Although the multispeaker TTS model based on Tacotron 2 can expand the system architecture along with supporting the voice cloning function of multiple speakers, it is still slightly insufficient in terms of speaker feature extraction and synthesis speed. The speech information of the entire sentence is not taken into consideration by the d-vector, which affects the similarity of the cloned voice. The WaveNet vocoder can have a severe impact on the speed of speech generation. To better balance the relationship between speech quality, model parameters, and inference speed of the voice cloning system, the speaker features are extracted based on TDNN, and the output of each speech segment is aggregated after passing through the model through statistical pooling. This represents the feature vector of the target speaker and improves the quality of the generated speech. In this paper, a competitive multiscale convolution (CMSC) strategy and a depth-wise separable convolution (DSC) strategy are introduced to improve the HiFi-GAN model, which replaces the WaveNet vocoder, to significantly reduce the number of model parameters and further enhance the inference speed.

2. Methods

The overall structure of the voice cloning system based on the improved HiFi-GAN model can be divided into three groups: speaker encoder network, feature prediction network, and vocoder network. As illustrated in Figure 1, a network based on speaker verification is adopted by the speaker encoder network. This encoder is trained by improving the performance of the speaker verification system. The feature prediction network follows the Tactron 2 architecture, which is implemented by an encoder-decoder architecture. First, the text sequence is converted into a semantic vector in this architecture by the encoder. After the semantic vector and the speaker embedding vector are spliced, it is processed by using the attention mechanism and forwarded to the decoder of the feature prediction network. Eventually, the decoder converts the sequence into the Mel spectrum. The vocoder network is implemented with an improved HiFi-GAN model, which quickly converts the Mel spectrum into speech waveforms while ensuring the quality of the generated speech.

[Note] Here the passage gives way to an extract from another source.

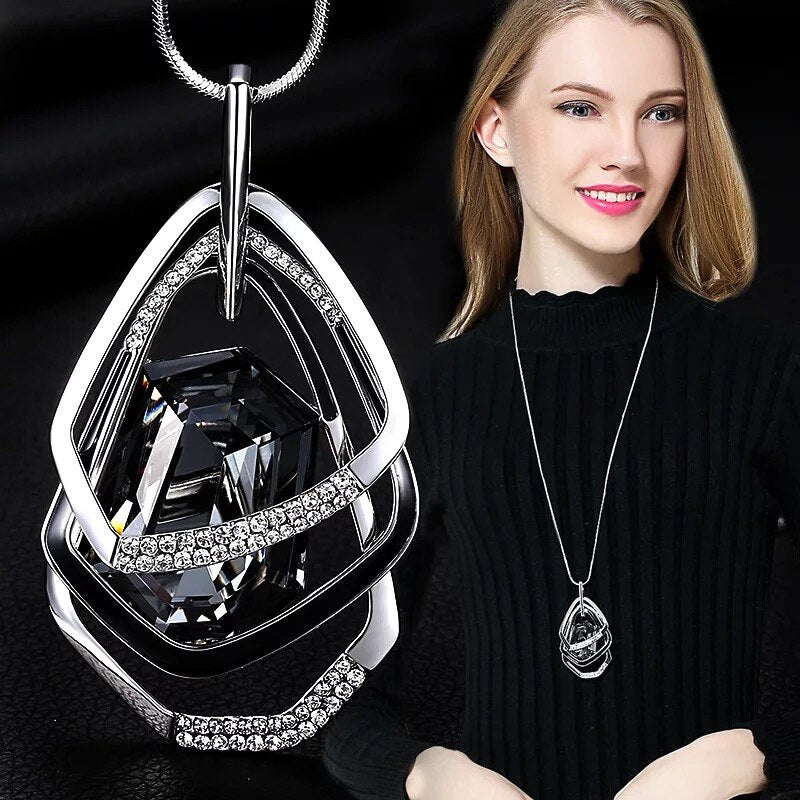 Wenkouban Long Black Crystal Necklaces & Pendants Fashion Gold Silver Color Chain Rhinestone Geometric  Necklace Jewelry For Women 2022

2.1. Speaker Encoder Based on the X-Vector

The speaker encoder network is one of the core parts of the model, which determines the similarity of the cloned speech. In this paper, the speaker verification architecture is used to implement the speaker encoder based on the x-vector. In the speaker verification architecture, the input is the speaker’s speech feature, and the output is the speaker’s discrimination information . The network structure is shown in Figure 2 [16].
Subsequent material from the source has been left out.